----- Given data
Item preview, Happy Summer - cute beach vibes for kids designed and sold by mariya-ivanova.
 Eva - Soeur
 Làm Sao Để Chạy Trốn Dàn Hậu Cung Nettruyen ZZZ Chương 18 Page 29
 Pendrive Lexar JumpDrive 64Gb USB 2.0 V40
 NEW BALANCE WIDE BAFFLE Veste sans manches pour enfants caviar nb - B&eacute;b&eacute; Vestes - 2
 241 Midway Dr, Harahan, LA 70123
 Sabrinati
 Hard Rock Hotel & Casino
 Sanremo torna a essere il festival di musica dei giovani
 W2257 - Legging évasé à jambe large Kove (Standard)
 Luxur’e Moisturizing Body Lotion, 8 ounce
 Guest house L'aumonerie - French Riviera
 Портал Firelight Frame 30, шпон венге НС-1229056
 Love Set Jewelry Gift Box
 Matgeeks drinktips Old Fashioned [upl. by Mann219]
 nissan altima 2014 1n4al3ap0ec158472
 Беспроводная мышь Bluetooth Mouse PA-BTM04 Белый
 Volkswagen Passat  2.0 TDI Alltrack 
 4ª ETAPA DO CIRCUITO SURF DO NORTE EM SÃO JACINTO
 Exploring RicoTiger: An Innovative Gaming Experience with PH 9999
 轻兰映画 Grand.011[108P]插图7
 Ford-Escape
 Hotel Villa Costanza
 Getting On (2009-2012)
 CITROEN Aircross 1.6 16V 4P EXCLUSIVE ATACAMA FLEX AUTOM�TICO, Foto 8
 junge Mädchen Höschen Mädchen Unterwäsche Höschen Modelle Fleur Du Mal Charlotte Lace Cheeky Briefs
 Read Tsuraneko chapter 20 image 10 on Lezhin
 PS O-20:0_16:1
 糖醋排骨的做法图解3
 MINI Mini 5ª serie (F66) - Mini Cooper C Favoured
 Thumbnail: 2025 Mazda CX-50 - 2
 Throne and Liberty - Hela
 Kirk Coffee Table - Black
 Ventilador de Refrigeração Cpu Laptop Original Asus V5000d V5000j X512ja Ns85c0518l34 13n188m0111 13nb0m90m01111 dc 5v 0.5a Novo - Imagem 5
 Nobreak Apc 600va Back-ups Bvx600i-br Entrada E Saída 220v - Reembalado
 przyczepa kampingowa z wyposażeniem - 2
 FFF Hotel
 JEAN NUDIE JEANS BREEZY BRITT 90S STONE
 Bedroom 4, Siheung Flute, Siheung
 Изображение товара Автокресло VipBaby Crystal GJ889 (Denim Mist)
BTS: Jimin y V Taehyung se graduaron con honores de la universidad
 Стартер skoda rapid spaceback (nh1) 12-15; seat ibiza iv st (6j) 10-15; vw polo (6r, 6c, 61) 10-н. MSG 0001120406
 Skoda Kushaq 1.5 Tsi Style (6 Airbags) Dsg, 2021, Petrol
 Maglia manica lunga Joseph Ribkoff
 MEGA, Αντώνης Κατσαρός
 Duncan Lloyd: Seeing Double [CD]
----------
• Your instructions: Looking at the entries above, find how many lines include the word "Hotel" and write that number alone.

• Exercise result: 3